YOUR ASSIGNMENT
Would you repeat all the lines below, exactly as they stand?
------------
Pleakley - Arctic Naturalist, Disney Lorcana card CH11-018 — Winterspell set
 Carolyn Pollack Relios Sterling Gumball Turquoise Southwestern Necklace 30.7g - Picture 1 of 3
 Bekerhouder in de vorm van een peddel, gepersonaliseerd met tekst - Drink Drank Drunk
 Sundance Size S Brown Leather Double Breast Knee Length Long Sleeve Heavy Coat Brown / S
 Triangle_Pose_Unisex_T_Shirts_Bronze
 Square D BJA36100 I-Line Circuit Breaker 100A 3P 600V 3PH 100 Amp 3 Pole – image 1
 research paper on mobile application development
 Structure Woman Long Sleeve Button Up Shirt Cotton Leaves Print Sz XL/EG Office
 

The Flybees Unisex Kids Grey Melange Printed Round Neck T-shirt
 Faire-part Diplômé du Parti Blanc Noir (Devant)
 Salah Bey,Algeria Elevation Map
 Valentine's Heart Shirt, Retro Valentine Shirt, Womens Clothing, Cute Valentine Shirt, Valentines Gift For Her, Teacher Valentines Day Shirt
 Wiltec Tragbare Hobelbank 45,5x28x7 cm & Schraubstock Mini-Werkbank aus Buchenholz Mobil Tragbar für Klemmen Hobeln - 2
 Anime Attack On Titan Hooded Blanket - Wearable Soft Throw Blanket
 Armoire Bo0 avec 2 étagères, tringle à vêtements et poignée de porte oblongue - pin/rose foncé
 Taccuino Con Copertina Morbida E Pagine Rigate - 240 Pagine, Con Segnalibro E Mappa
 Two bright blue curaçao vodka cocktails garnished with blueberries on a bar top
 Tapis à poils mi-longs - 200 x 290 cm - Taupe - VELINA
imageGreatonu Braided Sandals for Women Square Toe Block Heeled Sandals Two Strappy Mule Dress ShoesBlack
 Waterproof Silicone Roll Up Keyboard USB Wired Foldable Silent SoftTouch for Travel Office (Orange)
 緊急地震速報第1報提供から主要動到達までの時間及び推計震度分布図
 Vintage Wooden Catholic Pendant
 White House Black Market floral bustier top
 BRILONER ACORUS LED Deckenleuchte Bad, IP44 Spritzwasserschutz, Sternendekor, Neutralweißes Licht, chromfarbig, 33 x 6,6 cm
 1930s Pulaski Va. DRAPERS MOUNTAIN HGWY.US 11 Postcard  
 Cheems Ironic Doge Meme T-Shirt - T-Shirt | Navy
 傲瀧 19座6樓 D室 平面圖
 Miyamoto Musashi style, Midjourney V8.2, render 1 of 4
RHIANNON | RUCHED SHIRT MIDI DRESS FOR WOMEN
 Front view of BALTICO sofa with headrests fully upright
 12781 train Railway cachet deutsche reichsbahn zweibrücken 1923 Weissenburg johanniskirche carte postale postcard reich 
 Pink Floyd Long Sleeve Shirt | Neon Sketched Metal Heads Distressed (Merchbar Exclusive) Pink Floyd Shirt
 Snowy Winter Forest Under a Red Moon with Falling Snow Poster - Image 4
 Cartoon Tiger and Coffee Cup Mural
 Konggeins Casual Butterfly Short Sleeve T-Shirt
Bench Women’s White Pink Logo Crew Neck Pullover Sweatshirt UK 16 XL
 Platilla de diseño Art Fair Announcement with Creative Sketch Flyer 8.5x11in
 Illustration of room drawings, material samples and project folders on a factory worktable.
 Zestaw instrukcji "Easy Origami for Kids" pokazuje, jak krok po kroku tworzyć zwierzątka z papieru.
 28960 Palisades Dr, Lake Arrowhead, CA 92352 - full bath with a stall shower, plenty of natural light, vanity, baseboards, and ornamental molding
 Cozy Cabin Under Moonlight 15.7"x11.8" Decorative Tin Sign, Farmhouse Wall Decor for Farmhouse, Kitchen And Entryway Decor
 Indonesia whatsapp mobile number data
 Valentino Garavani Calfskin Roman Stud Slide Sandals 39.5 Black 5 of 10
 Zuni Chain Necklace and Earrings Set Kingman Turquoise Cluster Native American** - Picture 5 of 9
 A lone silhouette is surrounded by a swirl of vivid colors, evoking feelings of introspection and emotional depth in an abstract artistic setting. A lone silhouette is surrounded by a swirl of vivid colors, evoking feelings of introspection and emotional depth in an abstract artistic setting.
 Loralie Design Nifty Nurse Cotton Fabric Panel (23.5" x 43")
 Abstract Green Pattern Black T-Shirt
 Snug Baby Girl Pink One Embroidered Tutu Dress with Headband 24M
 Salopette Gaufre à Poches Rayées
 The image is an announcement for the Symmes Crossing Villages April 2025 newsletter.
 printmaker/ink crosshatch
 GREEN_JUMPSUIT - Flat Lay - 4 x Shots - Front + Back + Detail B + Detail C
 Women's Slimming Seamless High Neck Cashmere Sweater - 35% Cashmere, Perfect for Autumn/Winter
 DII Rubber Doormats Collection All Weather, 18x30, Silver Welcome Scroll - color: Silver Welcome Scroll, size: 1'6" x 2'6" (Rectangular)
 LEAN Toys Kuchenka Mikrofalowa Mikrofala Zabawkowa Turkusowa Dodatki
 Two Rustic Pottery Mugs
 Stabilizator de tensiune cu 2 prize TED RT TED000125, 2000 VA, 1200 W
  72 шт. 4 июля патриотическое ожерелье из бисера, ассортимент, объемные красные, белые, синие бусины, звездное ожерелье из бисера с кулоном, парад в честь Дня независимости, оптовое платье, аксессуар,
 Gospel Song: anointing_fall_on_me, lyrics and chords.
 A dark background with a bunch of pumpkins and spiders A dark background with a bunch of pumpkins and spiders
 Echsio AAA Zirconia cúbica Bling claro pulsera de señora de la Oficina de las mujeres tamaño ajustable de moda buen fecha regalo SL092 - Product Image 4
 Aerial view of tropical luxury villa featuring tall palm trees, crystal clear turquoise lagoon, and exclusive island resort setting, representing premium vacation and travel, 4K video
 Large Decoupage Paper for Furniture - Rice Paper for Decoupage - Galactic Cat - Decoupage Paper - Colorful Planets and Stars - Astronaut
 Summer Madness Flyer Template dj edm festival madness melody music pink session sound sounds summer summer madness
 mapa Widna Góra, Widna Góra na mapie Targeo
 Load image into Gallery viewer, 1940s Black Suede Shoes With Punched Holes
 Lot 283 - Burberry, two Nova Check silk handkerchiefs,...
------------
RESPONSE BELOW
Pleakley - Arctic Naturalist, Disney Lorcana card CH11-018 — Winterspell set
 Carolyn Pollack Relios Sterling Gumball Turquoise Southwestern Necklace 30.7g - Picture 1 of 3
 Bekerhouder in de vorm van een peddel, gepersonaliseerd met tekst - Drink Drank Drunk
 Sundance Size S Brown Leather Double Breast Knee Length Long Sleeve Heavy Coat Brown / S
 Triangle_Pose_Unisex_T_Shirts_Bronze
 Square D BJA36100 I-Line Circuit Breaker 100A 3P 600V 3PH 100 Amp 3 Pole – image 1
 research paper on mobile application development
 Structure Woman Long Sleeve Button Up Shirt Cotton Leaves Print Sz XL/EG Office
 

The Flybees Unisex Kids Grey Melange Printed Round Neck T-shirt
 Faire-part Diplômé du Parti Blanc Noir (Devant)
 Salah Bey,Algeria Elevation Map
 Valentine's Heart Shirt, Retro Valentine Shirt, Womens Clothing, Cute Valentine Shirt, Valentines Gift For Her, Teacher Valentines Day Shirt
 Wiltec Tragbare Hobelbank 45,5x28x7 cm & Schraubstock Mini-Werkbank aus Buchenholz Mobil Tragbar für Klemmen Hobeln - 2
 Anime Attack On Titan Hooded Blanket - Wearable Soft Throw Blanket
 Armoire Bo0 avec 2 étagères, tringle à vêtements et poignée de porte oblongue - pin/rose foncé
 Taccuino Con Copertina Morbida E Pagine Rigate - 240 Pagine, Con Segnalibro E Mappa
 Two bright blue curaçao vodka cocktails garnished with blueberries on a bar top
 Tapis à poils mi-longs - 200 x 290 cm - Taupe - VELINA
imageGreatonu Braided Sandals for Women Square Toe Block Heeled Sandals Two Strappy Mule Dress ShoesBlack
 Waterproof Silicone Roll Up Keyboard USB Wired Foldable Silent SoftTouch for Travel Office (Orange)
 緊急地震速報第1報提供から主要動到達までの時間及び推計震度分布図
 Vintage Wooden Catholic Pendant
 White House Black Market floral bustier top
 BRILONER ACORUS LED Deckenleuchte Bad, IP44 Spritzwasserschutz, Sternendekor, Neutralweißes Licht, chromfarbig, 33 x 6,6 cm
 1930s Pulaski Va. DRAPERS MOUNTAIN HGWY.US 11 Postcard  
 Cheems Ironic Doge Meme T-Shirt - T-Shirt | Navy
 傲瀧 19座6樓 D室 平面圖
 Miyamoto Musashi style, Midjourney V8.2, render 1 of 4
RHIANNON | RUCHED SHIRT MIDI DRESS FOR WOMEN
 Front view of BALTICO sofa with headrests fully upright
 12781 train Railway cachet deutsche reichsbahn zweibrücken 1923 Weissenburg johanniskirche carte postale postcard reich 
 Pink Floyd Long Sleeve Shirt | Neon Sketched Metal Heads Distressed (Merchbar Exclusive) Pink Floyd Shirt
 Snowy Winter Forest Under a Red Moon with Falling Snow Poster - Image 4
 Cartoon Tiger and Coffee Cup Mural
 Konggeins Casual Butterfly Short Sleeve T-Shirt
Bench Women’s White Pink Logo Crew Neck Pullover Sweatshirt UK 16 XL
 Platilla de diseño Art Fair Announcement with Creative Sketch Flyer 8.5x11in
 Illustration of room drawings, material samples and project folders on a factory worktable.
 Zestaw instrukcji "Easy Origami for Kids" pokazuje, jak krok po kroku tworzyć zwierzątka z papieru.
 28960 Palisades Dr, Lake Arrowhead, CA 92352 - full bath with a stall shower, plenty of natural light, vanity, baseboards, and ornamental molding
 Cozy Cabin Under Moonlight 15.7"x11.8" Decorative Tin Sign, Farmhouse Wall Decor for Farmhouse, Kitchen And Entryway Decor
 Indonesia whatsapp mobile number data
 Valentino Garavani Calfskin Roman Stud Slide Sandals 39.5 Black 5 of 10
 Zuni Chain Necklace and Earrings Set Kingman Turquoise Cluster Native American** - Picture 5 of 9
 A lone silhouette is surrounded by a swirl of vivid colors, evoking feelings of introspection and emotional depth in an abstract artistic setting. A lone silhouette is surrounded by a swirl of vivid colors, evoking feelings of introspection and emotional depth in an abstract artistic setting.
 Loralie Design Nifty Nurse Cotton Fabric Panel (23.5" x 43")
 Abstract Green Pattern Black T-Shirt
 Snug Baby Girl Pink One Embroidered Tutu Dress with Headband 24M
 Salopette Gaufre à Poches Rayées
 The image is an announcement for the Symmes Crossing Villages April 2025 newsletter.
 printmaker/ink crosshatch
 GREEN_JUMPSUIT - Flat Lay - 4 x Shots - Front + Back + Detail B + Detail C
 Women's Slimming Seamless High Neck Cashmere Sweater - 35% Cashmere, Perfect for Autumn/Winter
 DII Rubber Doormats Collection All Weather, 18x30, Silver Welcome Scroll - color: Silver Welcome Scroll, size: 1'6" x 2'6" (Rectangular)
 LEAN Toys Kuchenka Mikrofalowa Mikrofala Zabawkowa Turkusowa Dodatki
 Two Rustic Pottery Mugs
 Stabilizator de tensiune cu 2 prize TED RT TED000125, 2000 VA, 1200 W
  72 шт. 4 июля патриотическое ожерелье из бисера, ассортимент, объемные красные, белые, синие бусины, звездное ожерелье из бисера с кулоном, парад в честь Дня независимости, оптовое платье, аксессуар,
 Gospel Song: anointing_fall_on_me, lyrics and chords.
 A dark background with a bunch of pumpkins and spiders A dark background with a bunch of pumpkins and spiders
 Echsio AAA Zirconia cúbica Bling claro pulsera de señora de la Oficina de las mujeres tamaño ajustable de moda buen fecha regalo SL092 - Product Image 4
 Aerial view of tropical luxury villa featuring tall palm trees, crystal clear turquoise lagoon, and exclusive island resort setting, representing premium vacation and travel, 4K video
 Large Decoupage Paper for Furniture - Rice Paper for Decoupage - Galactic Cat - Decoupage Paper - Colorful Planets and Stars - Astronaut
 Summer Madness Flyer Template dj edm festival madness melody music pink session sound sounds summer summer madness
 mapa Widna Góra, Widna Góra na mapie Targeo
 Load image into Gallery viewer, 1940s Black Suede Shoes With Punched Holes
 Lot 283 - Burberry, two Nova Check silk handkerchiefs,...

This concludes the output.